§ PROBLEM DESCRIPTION
When you transcribe the listing, keep each line exact and drop the pictures.

-- GIVEN MATERIAL follows --

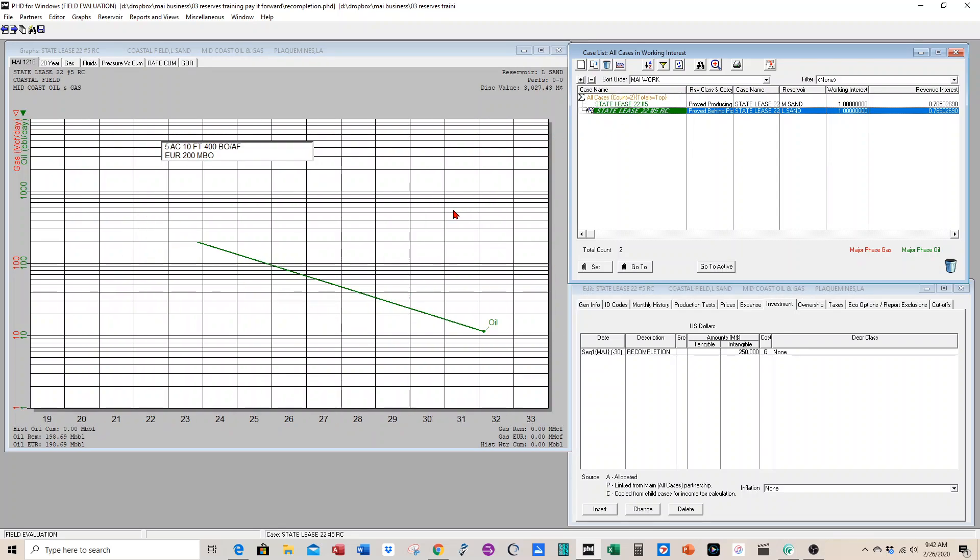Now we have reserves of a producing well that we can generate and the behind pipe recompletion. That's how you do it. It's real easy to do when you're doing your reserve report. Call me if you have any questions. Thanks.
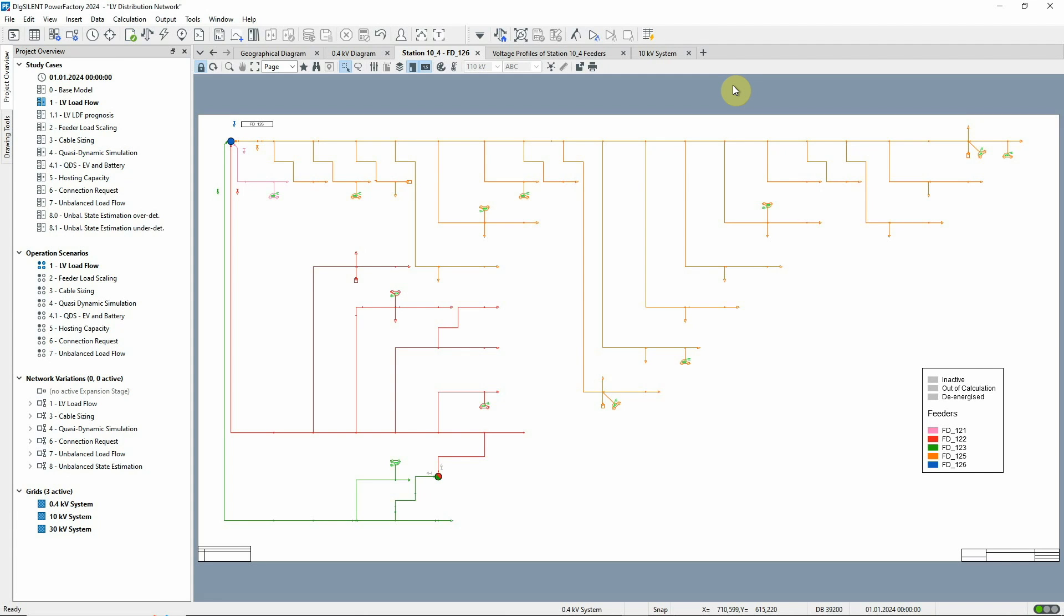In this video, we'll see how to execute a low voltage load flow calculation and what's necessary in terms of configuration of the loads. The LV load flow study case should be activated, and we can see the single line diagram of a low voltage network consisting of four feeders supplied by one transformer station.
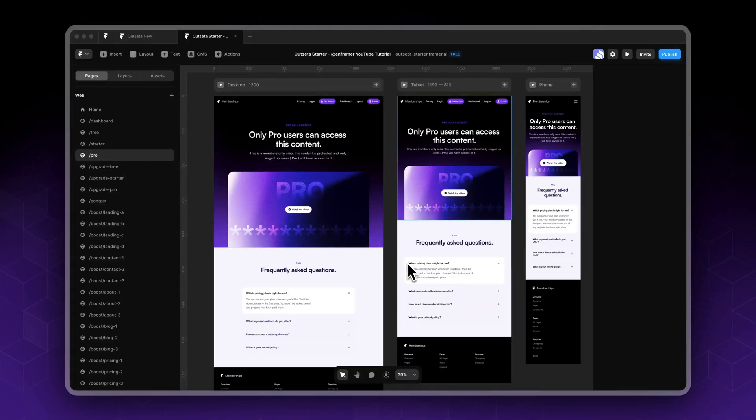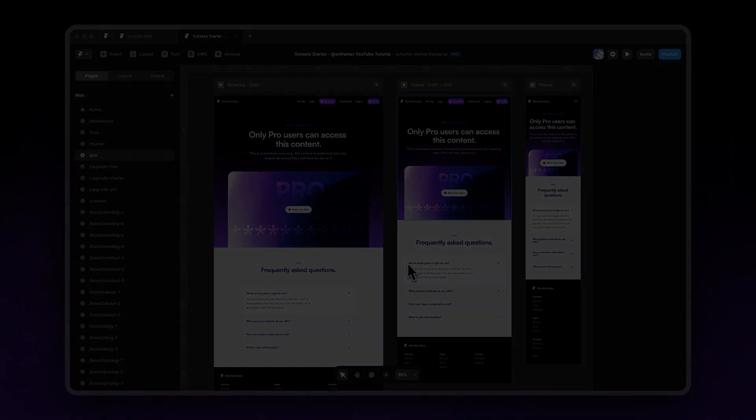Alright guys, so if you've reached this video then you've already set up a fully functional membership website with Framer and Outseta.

-- GIVEN MATERIAL concluded --

§ ANSWER TO THIS EXERCISE
Now we have reserves of a producing well that we can generate and the behind pipe recompletion. That's how you do it. It's real easy to do when you're doing your reserve report. Call me if you have any questions. Thanks.
In this video, we'll see how to execute a low voltage load flow calculation and what's necessary in terms of configuration of the loads. The LV load flow study case should be activated, and we can see the single line diagram of a low voltage network consisting of four feeders supplied by one transformer station.
Alright guys, so if you've reached this video then you've already set up a fully functional membership website with Framer and Outseta.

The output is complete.